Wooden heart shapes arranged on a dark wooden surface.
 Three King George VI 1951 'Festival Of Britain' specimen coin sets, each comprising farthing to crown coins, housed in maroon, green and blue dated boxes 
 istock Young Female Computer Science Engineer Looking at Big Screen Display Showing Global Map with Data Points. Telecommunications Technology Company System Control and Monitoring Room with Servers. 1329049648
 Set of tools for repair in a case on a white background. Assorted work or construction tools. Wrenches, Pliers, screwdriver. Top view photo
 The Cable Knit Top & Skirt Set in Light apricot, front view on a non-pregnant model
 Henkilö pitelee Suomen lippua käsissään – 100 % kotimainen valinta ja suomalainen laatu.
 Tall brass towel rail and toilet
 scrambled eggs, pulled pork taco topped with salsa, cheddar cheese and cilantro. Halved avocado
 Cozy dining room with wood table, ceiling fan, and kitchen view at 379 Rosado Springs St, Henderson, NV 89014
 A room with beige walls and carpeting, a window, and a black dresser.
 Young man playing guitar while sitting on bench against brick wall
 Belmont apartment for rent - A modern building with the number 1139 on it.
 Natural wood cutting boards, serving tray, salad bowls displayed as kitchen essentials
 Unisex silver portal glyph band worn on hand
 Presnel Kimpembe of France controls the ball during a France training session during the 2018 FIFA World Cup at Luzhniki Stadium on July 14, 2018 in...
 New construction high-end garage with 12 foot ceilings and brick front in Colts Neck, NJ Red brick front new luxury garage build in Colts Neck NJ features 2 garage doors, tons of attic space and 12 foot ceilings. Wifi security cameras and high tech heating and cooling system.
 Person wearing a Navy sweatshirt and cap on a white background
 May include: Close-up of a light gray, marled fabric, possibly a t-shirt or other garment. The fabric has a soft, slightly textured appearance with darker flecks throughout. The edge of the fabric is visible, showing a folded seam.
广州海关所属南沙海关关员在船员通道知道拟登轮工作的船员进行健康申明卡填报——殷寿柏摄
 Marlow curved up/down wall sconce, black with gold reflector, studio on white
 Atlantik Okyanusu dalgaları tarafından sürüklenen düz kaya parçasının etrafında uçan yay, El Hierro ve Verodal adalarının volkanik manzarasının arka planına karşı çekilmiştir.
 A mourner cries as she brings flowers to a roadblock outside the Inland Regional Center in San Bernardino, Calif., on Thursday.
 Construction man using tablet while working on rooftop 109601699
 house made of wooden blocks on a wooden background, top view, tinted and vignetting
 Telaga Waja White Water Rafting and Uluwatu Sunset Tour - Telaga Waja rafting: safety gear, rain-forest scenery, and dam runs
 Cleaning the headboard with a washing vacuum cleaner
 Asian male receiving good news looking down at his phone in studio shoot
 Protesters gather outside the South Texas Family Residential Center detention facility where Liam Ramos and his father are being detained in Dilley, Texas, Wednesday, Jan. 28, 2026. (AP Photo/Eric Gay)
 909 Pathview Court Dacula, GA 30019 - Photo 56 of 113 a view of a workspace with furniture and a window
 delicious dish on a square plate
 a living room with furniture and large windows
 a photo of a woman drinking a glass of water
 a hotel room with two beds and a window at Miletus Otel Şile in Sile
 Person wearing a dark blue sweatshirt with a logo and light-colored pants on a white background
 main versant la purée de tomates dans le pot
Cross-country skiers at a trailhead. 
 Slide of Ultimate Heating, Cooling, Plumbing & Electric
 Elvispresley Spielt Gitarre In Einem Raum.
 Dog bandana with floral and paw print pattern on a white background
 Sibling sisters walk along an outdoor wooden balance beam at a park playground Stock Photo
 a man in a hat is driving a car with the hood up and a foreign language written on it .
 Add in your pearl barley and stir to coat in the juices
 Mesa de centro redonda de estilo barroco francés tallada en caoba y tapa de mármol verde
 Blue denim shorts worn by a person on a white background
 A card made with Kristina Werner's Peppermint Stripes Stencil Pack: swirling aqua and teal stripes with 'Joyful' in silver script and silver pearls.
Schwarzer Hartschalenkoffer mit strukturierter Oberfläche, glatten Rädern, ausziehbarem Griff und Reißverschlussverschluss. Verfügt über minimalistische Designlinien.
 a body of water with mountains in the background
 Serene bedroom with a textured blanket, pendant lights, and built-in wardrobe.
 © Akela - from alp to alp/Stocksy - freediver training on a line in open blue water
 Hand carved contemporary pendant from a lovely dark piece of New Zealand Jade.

-------------------------

The task: The answer must be a word-for-word reproduction of every record above.

Response area:
Wooden heart shapes arranged on a dark wooden surface.
 Three King George VI 1951 'Festival Of Britain' specimen coin sets, each comprising farthing to crown coins, housed in maroon, green and blue dated boxes 
 istock Young Female Computer Science Engineer Looking at Big Screen Display Showing Global Map with Data Points. Telecommunications Technology Company System Control and Monitoring Room with Servers. 1329049648
 Set of tools for repair in a case on a white background. Assorted work or construction tools. Wrenches, Pliers, screwdriver. Top view photo
 The Cable Knit Top & Skirt Set in Light apricot, front view on a non-pregnant model
 Henkilö pitelee Suomen lippua käsissään – 100 % kotimainen valinta ja suomalainen laatu.
 Tall brass towel rail and toilet
 scrambled eggs, pulled pork taco topped with salsa, cheddar cheese and cilantro. Halved avocado
 Cozy dining room with wood table, ceiling fan, and kitchen view at 379 Rosado Springs St, Henderson, NV 89014
 A room with beige walls and carpeting, a window, and a black dresser.
 Young man playing guitar while sitting on bench against brick wall
 Belmont apartment for rent - A modern building with the number 1139 on it.
 Natural wood cutting boards, serving tray, salad bowls displayed as kitchen essentials
 Unisex silver portal glyph band worn on hand
 Presnel Kimpembe of France controls the ball during a France training session during the 2018 FIFA World Cup at Luzhniki Stadium on July 14, 2018 in...
 New construction high-end garage with 12 foot ceilings and brick front in Colts Neck, NJ Red brick front new luxury garage build in Colts Neck NJ features 2 garage doors, tons of attic space and 12 foot ceilings. Wifi security cameras and high tech heating and cooling system.
 Person wearing a Navy sweatshirt and cap on a white background
 May include: Close-up of a light gray, marled fabric, possibly a t-shirt or other garment. The fabric has a soft, slightly textured appearance with darker flecks throughout. The edge of the fabric is visible, showing a folded seam.
广州海关所属南沙海关关员在船员通道知道拟登轮工作的船员进行健康申明卡填报——殷寿柏摄
 Marlow curved up/down wall sconce, black with gold reflector, studio on white
 Atlantik Okyanusu dalgaları tarafından sürüklenen düz kaya parçasının etrafında uçan yay, El Hierro ve Verodal adalarının volkanik manzarasının arka planına karşı çekilmiştir.
 A mourner cries as she brings flowers to a roadblock outside the Inland Regional Center in San Bernardino, Calif., on Thursday.
 Construction man using tablet while working on rooftop 109601699
 house made of wooden blocks on a wooden background, top view, tinted and vignetting
 Telaga Waja White Water Rafting and Uluwatu Sunset Tour - Telaga Waja rafting: safety gear, rain-forest scenery, and dam runs
 Cleaning the headboard with a washing vacuum cleaner
 Asian male receiving good news looking down at his phone in studio shoot
 Protesters gather outside the South Texas Family Residential Center detention facility where Liam Ramos and his father are being detained in Dilley, Texas, Wednesday, Jan. 28, 2026. (AP Photo/Eric Gay)
 909 Pathview Court Dacula, GA 30019 - Photo 56 of 113 a view of a workspace with furniture and a window
 delicious dish on a square plate
 a living room with furniture and large windows
 a photo of a woman drinking a glass of water
 a hotel room with two beds and a window at Miletus Otel Şile in Sile
 Person wearing a dark blue sweatshirt with a logo and light-colored pants on a white background
 main versant la purée de tomates dans le pot
Cross-country skiers at a trailhead. 
 Slide of Ultimate Heating, Cooling, Plumbing & Electric
 Elvispresley Spielt Gitarre In Einem Raum.
 Dog bandana with floral and paw print pattern on a white background
 Sibling sisters walk along an outdoor wooden balance beam at a park playground Stock Photo
 a man in a hat is driving a car with the hood up and a foreign language written on it .
 Add in your pearl barley and stir to coat in the juices
 Mesa de centro redonda de estilo barroco francés tallada en caoba y tapa de mármol verde
 Blue denim shorts worn by a person on a white background
 A card made with Kristina Werner's Peppermint Stripes Stencil Pack: swirling aqua and teal stripes with 'Joyful' in silver script and silver pearls.
Schwarzer Hartschalenkoffer mit strukturierter Oberfläche, glatten Rädern, ausziehbarem Griff und Reißverschlussverschluss. Verfügt über minimalistische Designlinien.
 a body of water with mountains in the background
 Serene bedroom with a textured blanket, pendant lights, and built-in wardrobe.
 © Akela - from alp to alp/Stocksy - freediver training on a line in open blue water
 Hand carved contemporary pendant from a lovely dark piece of New Zealand Jade.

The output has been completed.